The starting pitchers are competent (4.39 ERA and 10 WAR over 765 innings), but critically stay healthy with each of the top five exceeding 120 innings so Nate Pearson only gets 60 and they don’t have rely on more than a few depth starts. Ryu and Ray both have 3 win seasons, the others just eat innings while the regulars pile up runs.
The bullpen is quite strong in this scenario as a result of really strong depth. Thomas Hatch is the strongest performer, but the characteristic is a deep group of solid and reliable arms bolstered by depth (as Anthony Castro was going in reality before he got hurt).
This doesn’t represent an absolute best case scenario, since really none of the expected star players have career years, but collectively it’s a lot of 80th percentile scenarios.
3. 96 wins
This is a 96 win team on paper (so slightly worse performing than the one above) that wins exactly 96 games. Offensively, the regulars stay healthy, and the stars perform with Vlad, Bichette and Springer posting ~5 WAR seasons. The other regulars are all solid (with Teoscar largely regressing and being the worst), but it’s top heavy as Rowdy and Tellez and Alejandro Kirk are replacement level. As a result, the collective total is “only” 27 WAR.
The relative strength here is the pitching. All the starters are solid with the exception of Stripling, throwing 140-160 innings with ERAs varying between 3.50 and 4.50 (even Tanner Roark rebounds to be the decent inning eater he was signed to be). Stripling’s hole is filled by Nate Pearson stepping up with 130 solid innings of his own, so the starter total a pleasantly surprising 12 WAR.

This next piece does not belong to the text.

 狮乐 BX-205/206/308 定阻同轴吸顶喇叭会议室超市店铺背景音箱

The bullpen is again very strong, with Julian Merryweather the best performer and healtyh enough to throw 40 innings. Again though, it’s depth that carries the day.
4. 96 wins
This last 96 win team is interesting for how it ends up getting there. It’s driven by the two big free agent signings, with Semien and Springer both posting 5 WAR seasons, There’s also good seasons from Vlad, Biggio, Danny Jansen and Randal Grichuk, though the rest largely disappoint and Teoscar regresses back to replacement level.

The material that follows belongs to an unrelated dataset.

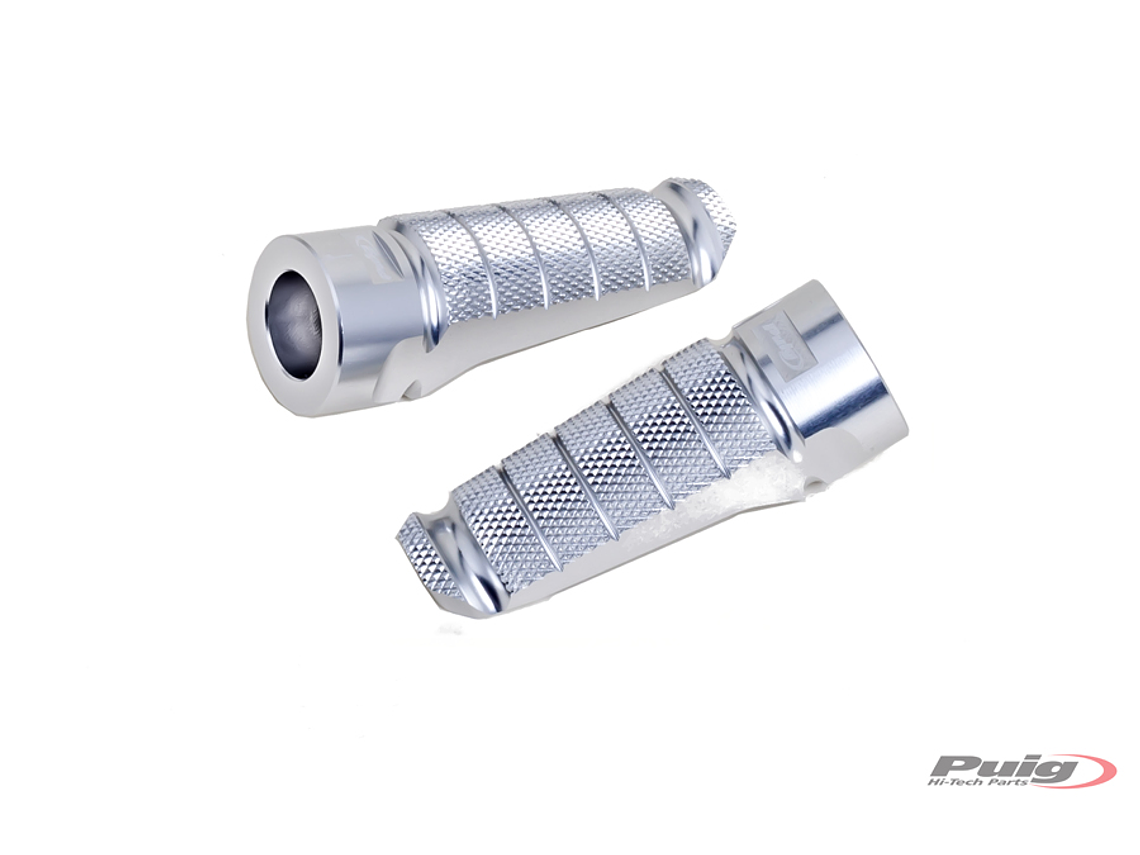 Pousa-Pés Racing PUIG Prateado 1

The starting pitching is as good as it possibly could be (12 WAR and a 3.99 for the core six) considering Ryu is lost for a god chunk and they only get 80 innings from him. This is basically a scenario where Alek Manaoh steps up, because depth starters provide 130 innings that are quite solid. Interestingly, most of the frontline bullpen arms flop (4.68 ERA combined), but they’re bolstered by the depth behind them performing (4.00 ERA over 250 innings). So I guess Ty Tice & co. really do work in this scenario.
Other points of interest:
- While the starting is never going to be a strength, in almost no scenarios where the team is very good doesn’t it truly flop. Of the 17 simulated teams to win 90 or more games, in only two of them does the rotation completely fall apart (~5 WAR) with a couple more where it’s just marginal better (6-7 WAR).
- Ironically, the simulated team with the best starting pitching (13.5 WAR, every stays healthy and combines for a 4.18 ERA over 850 innings...basically 2016 redux) doesn’t even up very good with just 84 wins. The bullpen is also very good, but the position players are very disappointing (19 WAR, or roughly the 10th percentile) and they underperform by three wins as well. This would be a very weird season indeed.
- There are three lucky teams that outperform their production by ~7 wins. In addition to the 98 win above, a couple of 83-84 wins teams fluke their way to the 90-91 level and presumably playoff berths. Conversely, there’s one very strong team (44.5 WAR) that bleeds six wins due to a terrible bullpen undermining very good starting pitching and finishes at 85 wins, likely costing it a playoff berth.